See `validation` skill for:

- How to execute metrics via `get_data_from_fields`
- Sanity checks (magnitude, sign, consistency)
- When to alert the user about suspicious results
- Cross-validation with related metrics

**Quick validation:**

Call `get_data_from_fields` with:

- `metrics`: `["<entity>.<metric_name>"]`

**For filtered cross-entity count metrics** — run `get_data_from_fields` with just the new
metric and compare it against `related_entity.count` standalone. If you built a filtered count
(e.g. users who have at least one booking), the result should be less than or equal to the
related entity's total. If the two values are equal, the join-forcing filter isn't working as
intended — revisit the filter expression.

---

## Common Pitfalls to Avoid

- **Using `COUNT(*)`** — use the entity's built-in count metric if available, or
  `COUNT(entity.key_field)` on the primary key. No `DISTINCT` needed — primary keys are unique.
- **Re-deriving from raw aggregations when a named metric exists.** Whether the new metric wraps a
  FILTER, a fixed `GROUP BY (dim)`, a nested `GROUP BY (*, dim)`, or arithmetic, the named-metric
  form is preferred over the raw aggregation.
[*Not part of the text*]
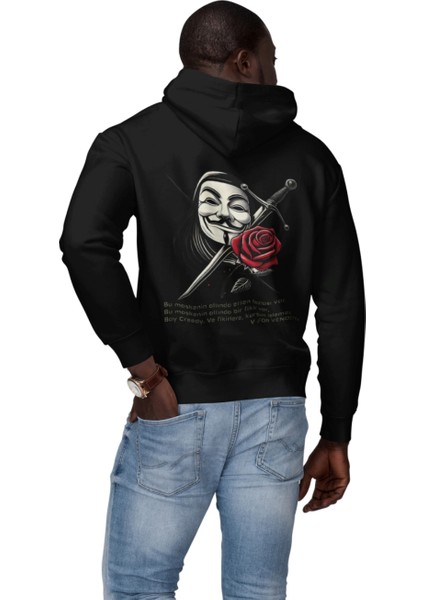 V For Vendetta Fikirlere Kurşun Işlemez Baskılı Kapüşonlu Sweatshirt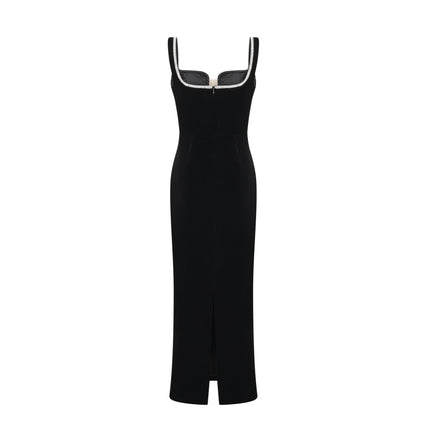 Madisyn Black Crystal Embellished Midi Dress 100 Percent Polyester U-Neckline Zip Fastening Spaghetti Straps Size M Model 5'10 Sophisticated Luxury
The raw form is only correct when no suitable named
  metric exists.
- **Cross-entity filtered count missing the filter.** Always pair with
  `FILTER (WHERE source_entity.entity_key IS NOT NULL)`. See reference.md for mechanics.
- **Using `COUNT(DISTINCT entity.fk_column)` without checking if a related entity has a `count`
  metric first.** Entities auto-generate a `count` metric. If a relation exists,
  prefer the `related_entity.count FILTER (...)` form. `COUNT(DISTINCT)` is the fallback
  when there's no relation or no count metric.
- **Repeating attribute logic that already exists** — if a calculated attribute already exists,
  reference it by name instead of duplicating its SQL.
- **Using window functions** — only aggregations allowed in metrics.
- **Using joins or subqueries** — simple expressions only.
- **Unqualified column references** — always prefix with entity name.